## Task:
Taking the data below, please print only the lines from the line holding "TEHAUX 2 Stück" to the line holding "Torrid Size 2", inclusive, with pictures omitted.

## Given information:

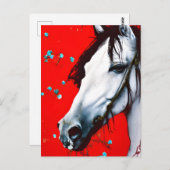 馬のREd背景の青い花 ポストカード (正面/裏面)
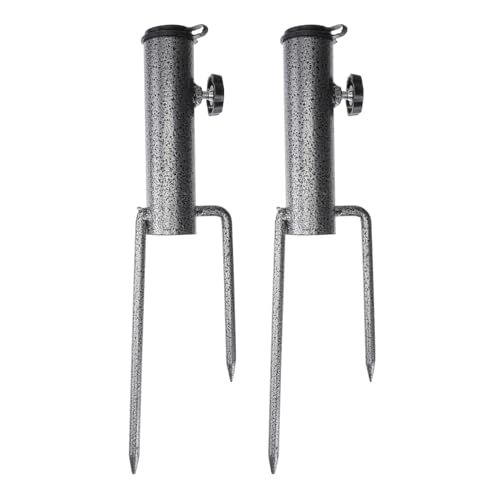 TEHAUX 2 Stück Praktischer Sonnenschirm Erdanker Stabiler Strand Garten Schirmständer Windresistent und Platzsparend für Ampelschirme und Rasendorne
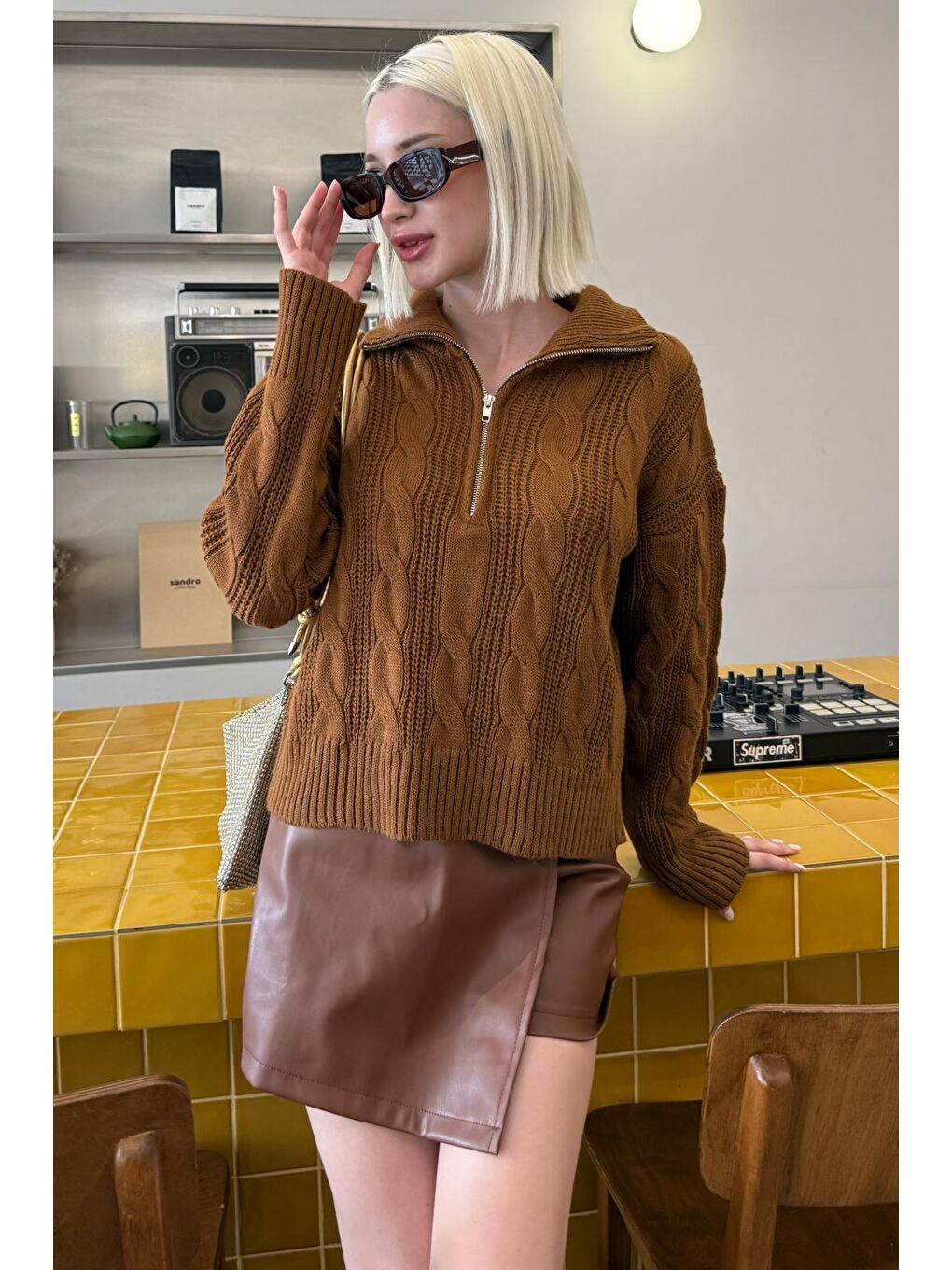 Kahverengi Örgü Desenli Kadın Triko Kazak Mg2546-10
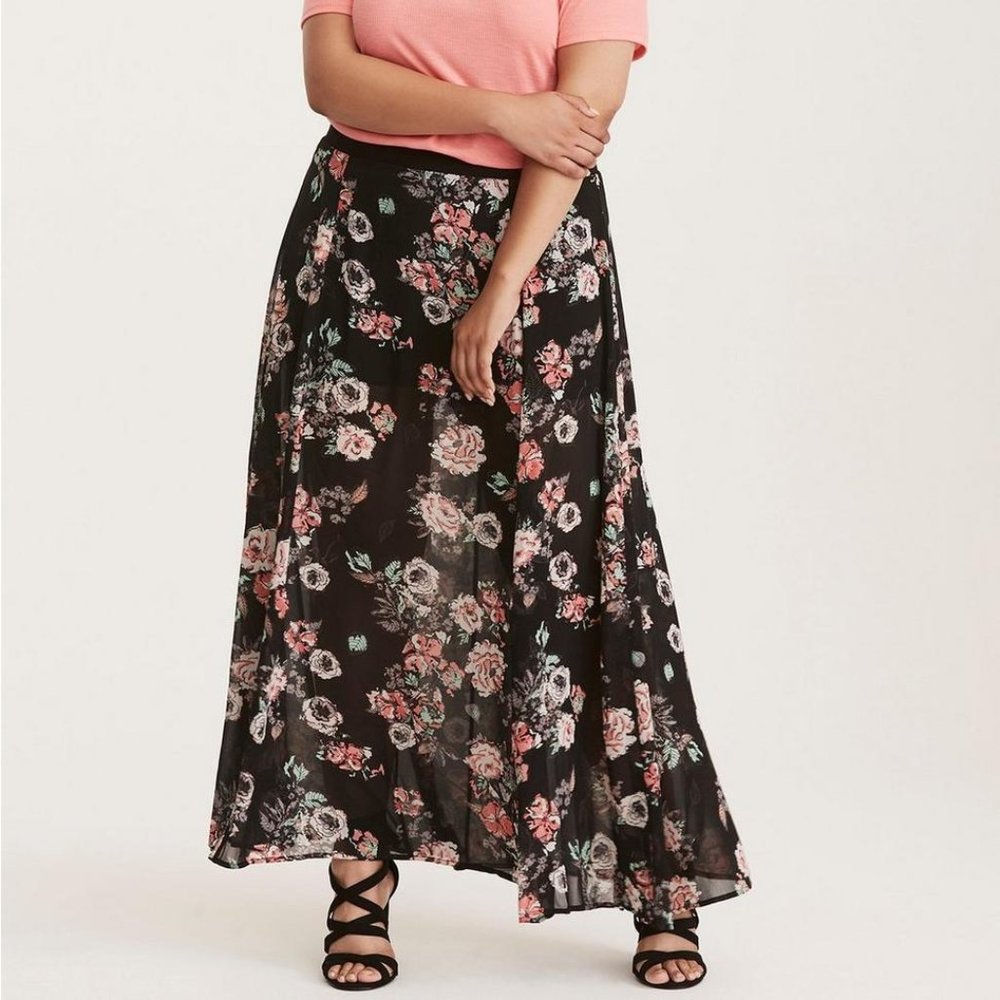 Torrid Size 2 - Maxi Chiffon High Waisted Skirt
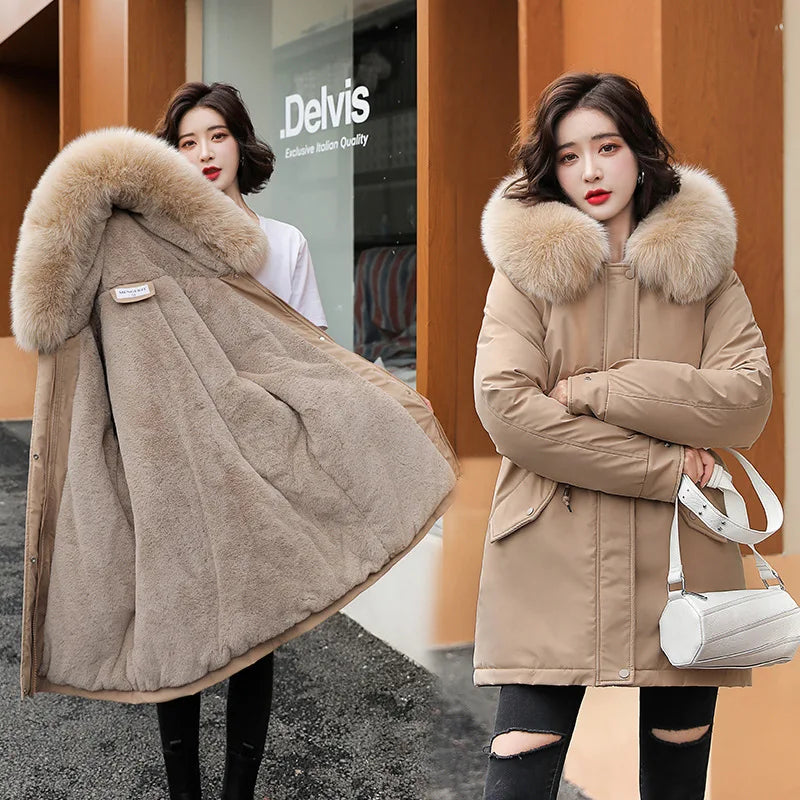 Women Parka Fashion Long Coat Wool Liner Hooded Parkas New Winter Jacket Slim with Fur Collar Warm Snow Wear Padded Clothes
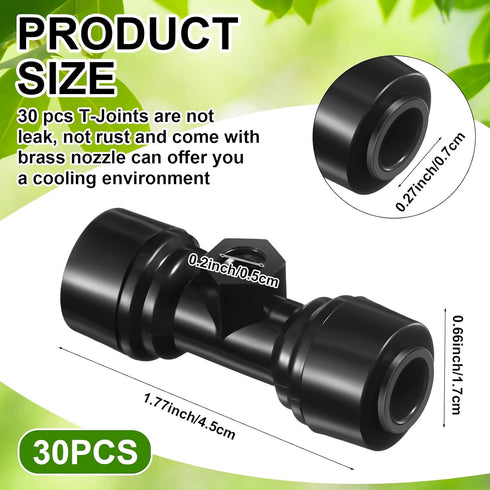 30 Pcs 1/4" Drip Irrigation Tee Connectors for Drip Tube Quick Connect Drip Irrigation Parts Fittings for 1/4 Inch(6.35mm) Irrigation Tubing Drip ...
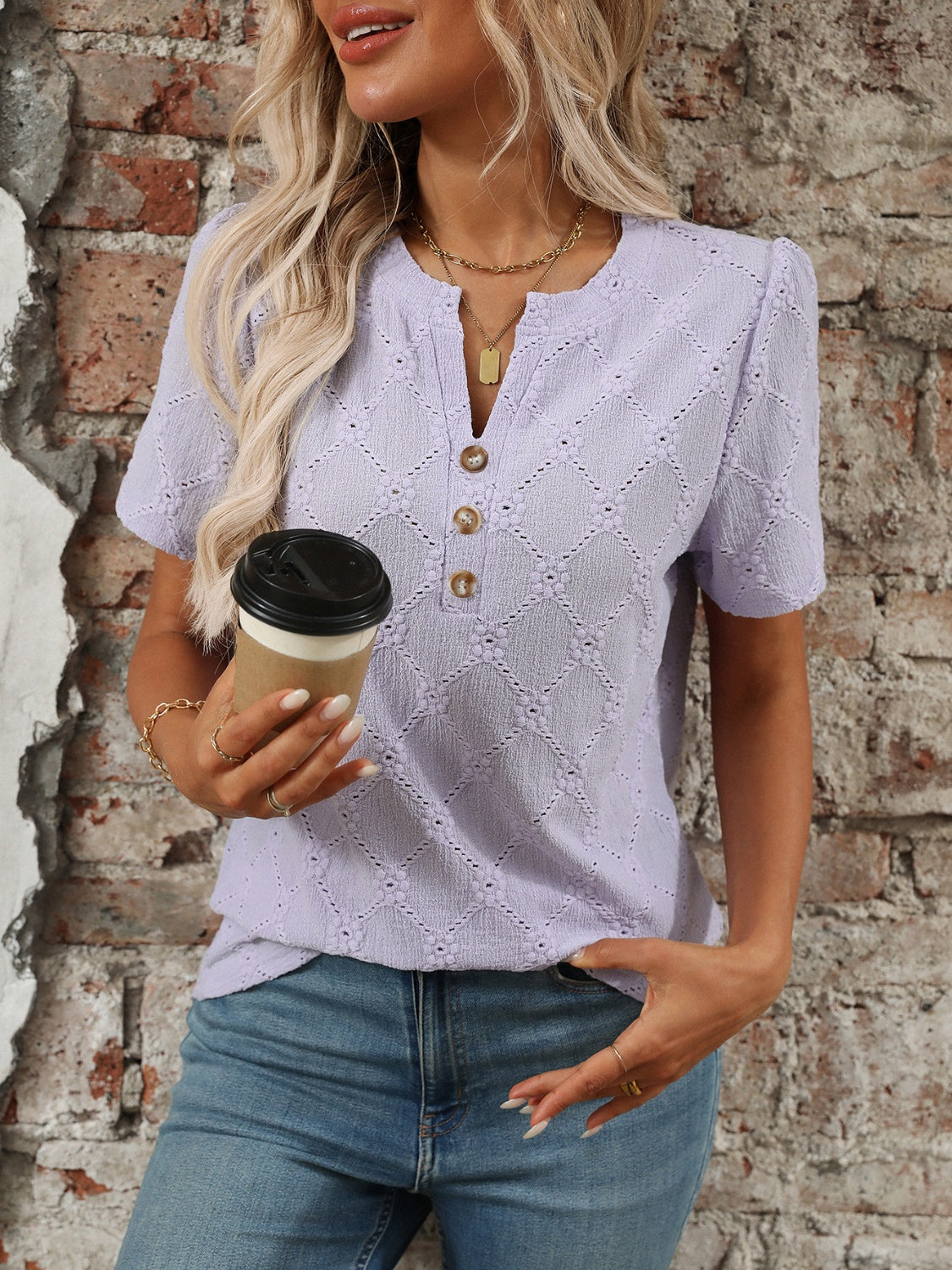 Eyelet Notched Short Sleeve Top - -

## Response to the exercise:
 TEHAUX 2 Stück Praktischer Sonnenschirm Erdanker Stabiler Strand Garten Schirmständer Windresistent und Platzsparend für Ampelschirme und Rasendorne
 Kahverengi Örgü Desenli Kadın Triko Kazak Mg2546-10
 Torrid Size 2 - Maxi Chiffon High Waisted Skirt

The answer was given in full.